When the request is subsequently forwarded to the backend service, standard path normalization occurs, and the request resolves to the attacker's intended protected target. This inconsistency between rule evaluation and actual request routing creates a complete authorization bypass.
Attack Vector
An attacker can exploit this vulnerability by crafting HTTP requests with path traversal sequences embedded in the URL. For example, a request to /public/../admin/secrets would be evaluated against rules for the /public/ path prefix, potentially matching a permissive rule that allows unauthenticated access. However, after path normalization, the request resolves to /admin/secrets, bypassing any authentication or authorization requirements configured for the /admin/ path.
The attack requires no authentication or special privileges and can be executed remotely over the network. Since ORY Oathkeeper is designed to protect backend services, successful exploitation grants attackers unauthorized access to protected APIs, administrative interfaces, and sensitive data.
Technical details and the specific fix can be found in the GitHub Security Advisory and the commit implementing the patch.

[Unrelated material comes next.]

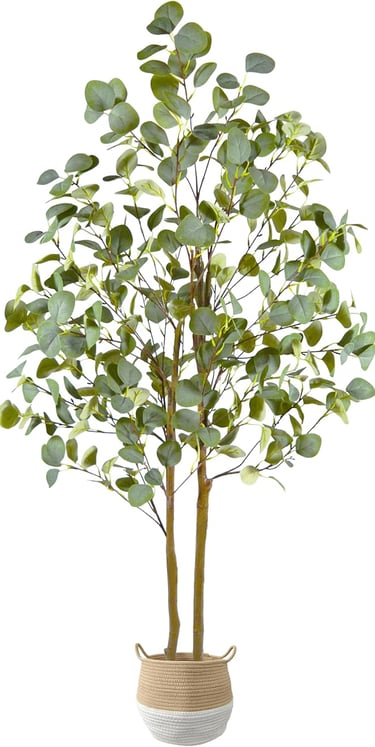 Artificial Eucalyptus Plant in Woven Basket – Bohemian Greenery for Living Room, Faux Potted Plant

Detection Methods for CVE-2026-33494
Indicators of Compromise
- HTTP requests containing path traversal sequences (/../, /./, %2e%2e/, %2e/) in URL paths
- Unexpected access to administrative or protected endpoints from unauthenticated sources
- Anomalous access patterns showing requests to public paths that result in access to protected resources
- Audit logs showing successful access to protected resources without corresponding authentication events
Detection Strategies
- Implement web application firewall (WAF) rules to detect and block requests containing path traversal sequences
- Configure access logging on backend services to correlate Oathkeeper access decisions with actual resource access
- Deploy anomaly detection to identify requests with unusual path patterns or encoding
- Monitor for successful access to protected endpoints that lack corresponding authentication tokens
Monitoring Recommendations
- Enable detailed access logging in ORY Oathkeeper to capture raw request paths alongside routing decisions
- Implement real-time alerting for requests containing multiple consecutive dot-dot-slash sequences
- Review access logs for discrepancies between intended and actual accessed resources
- Monitor authentication and authorization metrics for unexpected patterns in protected resource access
How to Mitigate CVE-2026-33494
Immediate Actions Required
- Upgrade ORY Oathkeeper to version 26.2.0 or later immediately
- Review access logs for any evidence of exploitation attempts using path traversal sequences
- Audit all access rules to ensure protected endpoints cannot be reached via alternative paths
- Implement additional input validation at the reverse proxy or load balancer level
Patch Information
ORY has released version 26.2.0 which contains a fix for this vulnerability. The patch ensures that request paths are properly normalized before being evaluated against access control rules, eliminating the inconsistency between rule matching and actual request routing.
For detailed information about the patch, review the GitHub commit which implements path normalization in the rule evaluation logic.
Workarounds
- Deploy a reverse proxy or WAF in front of Oathkeeper configured to normalize paths before forwarding requests
- Implement explicit deny rules for any path containing traversal sequences (.., %2e%2e)
- Configure backend services to reject requests containing unnormalized path components
- Use network segmentation to limit which clients can reach Oathkeeper-protected services
Disclaimer: This content was generated using AI. While we strive for accuracy, please verify critical information with official sources.